How many lines below contain the word "para"? Answer with that number alone.

---- Material provided

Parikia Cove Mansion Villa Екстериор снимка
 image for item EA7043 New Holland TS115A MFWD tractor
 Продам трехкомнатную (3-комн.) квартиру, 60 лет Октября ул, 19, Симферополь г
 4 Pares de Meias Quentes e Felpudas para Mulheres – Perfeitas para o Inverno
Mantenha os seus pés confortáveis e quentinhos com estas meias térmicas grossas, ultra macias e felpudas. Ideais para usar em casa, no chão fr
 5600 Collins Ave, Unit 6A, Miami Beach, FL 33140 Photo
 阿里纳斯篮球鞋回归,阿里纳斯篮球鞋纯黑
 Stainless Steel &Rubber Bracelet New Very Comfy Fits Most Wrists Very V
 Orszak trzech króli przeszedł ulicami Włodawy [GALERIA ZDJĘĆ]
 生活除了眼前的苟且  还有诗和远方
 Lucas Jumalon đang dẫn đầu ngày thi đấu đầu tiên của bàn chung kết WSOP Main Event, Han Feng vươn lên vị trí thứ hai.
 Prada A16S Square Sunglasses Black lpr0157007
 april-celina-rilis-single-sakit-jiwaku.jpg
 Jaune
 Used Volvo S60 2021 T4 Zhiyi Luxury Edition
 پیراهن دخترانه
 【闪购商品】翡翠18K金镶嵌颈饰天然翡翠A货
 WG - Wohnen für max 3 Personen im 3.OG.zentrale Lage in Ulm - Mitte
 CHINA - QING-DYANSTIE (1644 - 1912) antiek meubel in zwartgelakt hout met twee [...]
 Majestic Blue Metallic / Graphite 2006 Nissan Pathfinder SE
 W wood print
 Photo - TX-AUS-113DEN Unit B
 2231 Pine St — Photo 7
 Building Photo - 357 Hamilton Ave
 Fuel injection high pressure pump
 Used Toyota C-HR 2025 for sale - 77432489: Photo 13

--------

▸ **Problem solution**
2